# Description of the task
List every line in this data where the string "Classic" occurs.
━━━ Working data ━━━
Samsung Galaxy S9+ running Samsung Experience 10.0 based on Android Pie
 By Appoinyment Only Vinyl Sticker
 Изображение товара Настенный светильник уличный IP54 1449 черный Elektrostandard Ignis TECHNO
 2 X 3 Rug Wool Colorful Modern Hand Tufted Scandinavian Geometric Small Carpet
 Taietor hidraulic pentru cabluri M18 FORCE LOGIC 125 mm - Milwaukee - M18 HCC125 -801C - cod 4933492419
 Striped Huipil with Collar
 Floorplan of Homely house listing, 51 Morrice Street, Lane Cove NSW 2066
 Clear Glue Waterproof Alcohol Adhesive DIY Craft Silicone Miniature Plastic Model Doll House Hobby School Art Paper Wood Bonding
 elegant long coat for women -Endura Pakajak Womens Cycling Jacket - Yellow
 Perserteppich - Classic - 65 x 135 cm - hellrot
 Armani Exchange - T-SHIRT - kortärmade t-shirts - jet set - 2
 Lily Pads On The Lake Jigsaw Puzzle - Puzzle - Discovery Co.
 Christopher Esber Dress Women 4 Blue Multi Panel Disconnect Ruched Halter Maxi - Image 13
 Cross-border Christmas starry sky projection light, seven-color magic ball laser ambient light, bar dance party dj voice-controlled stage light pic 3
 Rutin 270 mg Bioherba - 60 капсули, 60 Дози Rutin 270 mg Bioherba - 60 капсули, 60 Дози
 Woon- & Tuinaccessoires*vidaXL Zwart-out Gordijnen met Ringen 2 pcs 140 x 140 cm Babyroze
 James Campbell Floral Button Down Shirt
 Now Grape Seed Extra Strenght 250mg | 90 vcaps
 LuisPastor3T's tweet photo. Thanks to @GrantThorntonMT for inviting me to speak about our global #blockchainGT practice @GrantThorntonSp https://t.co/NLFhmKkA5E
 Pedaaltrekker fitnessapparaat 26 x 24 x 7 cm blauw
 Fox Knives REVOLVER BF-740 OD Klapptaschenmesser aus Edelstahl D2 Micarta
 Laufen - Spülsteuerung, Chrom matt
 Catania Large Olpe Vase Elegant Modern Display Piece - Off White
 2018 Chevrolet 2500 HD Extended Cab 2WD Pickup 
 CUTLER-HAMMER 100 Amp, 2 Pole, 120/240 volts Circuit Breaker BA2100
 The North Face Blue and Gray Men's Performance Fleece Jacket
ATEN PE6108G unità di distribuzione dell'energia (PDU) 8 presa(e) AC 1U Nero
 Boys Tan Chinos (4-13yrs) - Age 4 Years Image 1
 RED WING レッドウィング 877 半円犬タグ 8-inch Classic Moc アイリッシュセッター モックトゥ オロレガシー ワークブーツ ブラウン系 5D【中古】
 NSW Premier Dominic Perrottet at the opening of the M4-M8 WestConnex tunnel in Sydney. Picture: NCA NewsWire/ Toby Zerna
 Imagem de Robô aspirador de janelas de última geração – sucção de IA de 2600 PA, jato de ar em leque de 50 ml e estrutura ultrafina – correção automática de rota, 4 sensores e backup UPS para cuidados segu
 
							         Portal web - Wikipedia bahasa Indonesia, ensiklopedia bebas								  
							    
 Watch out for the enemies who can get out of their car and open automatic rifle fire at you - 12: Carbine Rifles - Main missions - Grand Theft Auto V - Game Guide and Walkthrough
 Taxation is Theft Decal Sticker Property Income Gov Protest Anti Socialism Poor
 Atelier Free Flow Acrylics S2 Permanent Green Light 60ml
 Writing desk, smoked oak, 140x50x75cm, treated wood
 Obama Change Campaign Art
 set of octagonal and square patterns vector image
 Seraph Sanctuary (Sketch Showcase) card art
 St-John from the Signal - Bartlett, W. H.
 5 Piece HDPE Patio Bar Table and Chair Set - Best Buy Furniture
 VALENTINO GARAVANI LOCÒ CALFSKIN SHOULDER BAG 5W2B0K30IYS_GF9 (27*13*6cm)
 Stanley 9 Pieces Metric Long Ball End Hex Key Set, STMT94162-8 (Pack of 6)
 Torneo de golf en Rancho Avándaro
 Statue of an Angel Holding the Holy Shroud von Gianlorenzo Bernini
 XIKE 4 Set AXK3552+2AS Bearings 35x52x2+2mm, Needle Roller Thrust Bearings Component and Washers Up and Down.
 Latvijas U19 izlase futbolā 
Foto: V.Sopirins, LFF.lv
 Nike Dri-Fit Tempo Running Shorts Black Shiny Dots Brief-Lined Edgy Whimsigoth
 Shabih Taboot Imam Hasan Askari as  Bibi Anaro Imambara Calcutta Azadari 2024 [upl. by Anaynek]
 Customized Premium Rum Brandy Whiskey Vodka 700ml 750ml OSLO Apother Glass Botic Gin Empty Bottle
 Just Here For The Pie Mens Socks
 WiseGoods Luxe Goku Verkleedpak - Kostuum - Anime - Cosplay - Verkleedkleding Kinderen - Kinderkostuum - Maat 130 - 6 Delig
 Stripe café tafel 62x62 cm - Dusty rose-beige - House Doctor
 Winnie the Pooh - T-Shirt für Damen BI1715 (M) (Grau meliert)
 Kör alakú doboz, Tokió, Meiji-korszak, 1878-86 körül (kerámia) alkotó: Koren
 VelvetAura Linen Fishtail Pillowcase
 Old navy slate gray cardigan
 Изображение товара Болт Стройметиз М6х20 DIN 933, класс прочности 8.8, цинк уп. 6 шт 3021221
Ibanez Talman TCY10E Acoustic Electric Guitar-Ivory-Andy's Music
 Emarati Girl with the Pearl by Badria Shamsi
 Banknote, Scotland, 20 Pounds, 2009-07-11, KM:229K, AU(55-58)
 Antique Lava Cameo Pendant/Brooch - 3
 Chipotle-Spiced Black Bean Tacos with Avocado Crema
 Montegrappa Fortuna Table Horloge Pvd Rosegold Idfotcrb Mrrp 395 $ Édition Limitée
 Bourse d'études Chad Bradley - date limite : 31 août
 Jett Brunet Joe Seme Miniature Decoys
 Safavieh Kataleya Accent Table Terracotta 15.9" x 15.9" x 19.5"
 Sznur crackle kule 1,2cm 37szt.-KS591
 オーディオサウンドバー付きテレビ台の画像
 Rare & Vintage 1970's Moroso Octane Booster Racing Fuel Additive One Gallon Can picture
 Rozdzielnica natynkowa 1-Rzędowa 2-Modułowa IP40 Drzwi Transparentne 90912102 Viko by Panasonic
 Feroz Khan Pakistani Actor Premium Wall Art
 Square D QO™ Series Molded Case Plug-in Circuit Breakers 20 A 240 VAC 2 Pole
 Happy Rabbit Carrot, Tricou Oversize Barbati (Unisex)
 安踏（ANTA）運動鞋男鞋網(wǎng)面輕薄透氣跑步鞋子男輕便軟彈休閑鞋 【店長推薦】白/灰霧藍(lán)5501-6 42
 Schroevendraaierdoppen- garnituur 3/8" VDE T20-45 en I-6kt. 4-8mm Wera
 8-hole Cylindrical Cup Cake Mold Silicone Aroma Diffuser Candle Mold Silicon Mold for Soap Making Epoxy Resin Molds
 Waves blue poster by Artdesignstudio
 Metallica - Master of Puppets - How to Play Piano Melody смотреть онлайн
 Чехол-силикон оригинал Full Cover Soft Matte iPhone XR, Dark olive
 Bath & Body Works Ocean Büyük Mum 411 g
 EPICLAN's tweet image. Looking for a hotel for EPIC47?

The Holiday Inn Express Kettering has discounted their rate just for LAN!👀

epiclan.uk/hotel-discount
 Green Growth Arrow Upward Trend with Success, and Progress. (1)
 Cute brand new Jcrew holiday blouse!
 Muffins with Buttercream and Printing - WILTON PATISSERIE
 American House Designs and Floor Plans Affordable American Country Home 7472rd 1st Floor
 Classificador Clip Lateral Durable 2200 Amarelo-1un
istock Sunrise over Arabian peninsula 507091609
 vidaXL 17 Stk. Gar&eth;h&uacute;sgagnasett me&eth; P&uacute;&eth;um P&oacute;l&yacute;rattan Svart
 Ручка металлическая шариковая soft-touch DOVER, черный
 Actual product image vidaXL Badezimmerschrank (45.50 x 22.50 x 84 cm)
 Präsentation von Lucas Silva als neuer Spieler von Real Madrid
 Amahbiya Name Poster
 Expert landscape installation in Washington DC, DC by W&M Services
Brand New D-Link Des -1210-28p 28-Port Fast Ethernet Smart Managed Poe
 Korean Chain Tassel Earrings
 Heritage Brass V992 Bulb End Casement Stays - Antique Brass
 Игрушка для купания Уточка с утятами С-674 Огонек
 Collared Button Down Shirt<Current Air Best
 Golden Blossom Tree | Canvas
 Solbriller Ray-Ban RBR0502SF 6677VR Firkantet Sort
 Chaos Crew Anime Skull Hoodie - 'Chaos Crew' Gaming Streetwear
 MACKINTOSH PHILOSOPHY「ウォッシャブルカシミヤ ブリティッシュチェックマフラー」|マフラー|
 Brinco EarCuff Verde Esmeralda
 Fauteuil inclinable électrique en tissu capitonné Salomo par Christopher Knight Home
━━━
# Your solution
 Perserteppich - Classic - 65 x 135 cm - hellrot
 RED WING レッドウィング 877 半円犬タグ 8-inch Classic Moc アイリッシュセッター モックトゥ オロレガシー ワークブーツ ブラウン系 5D【中古】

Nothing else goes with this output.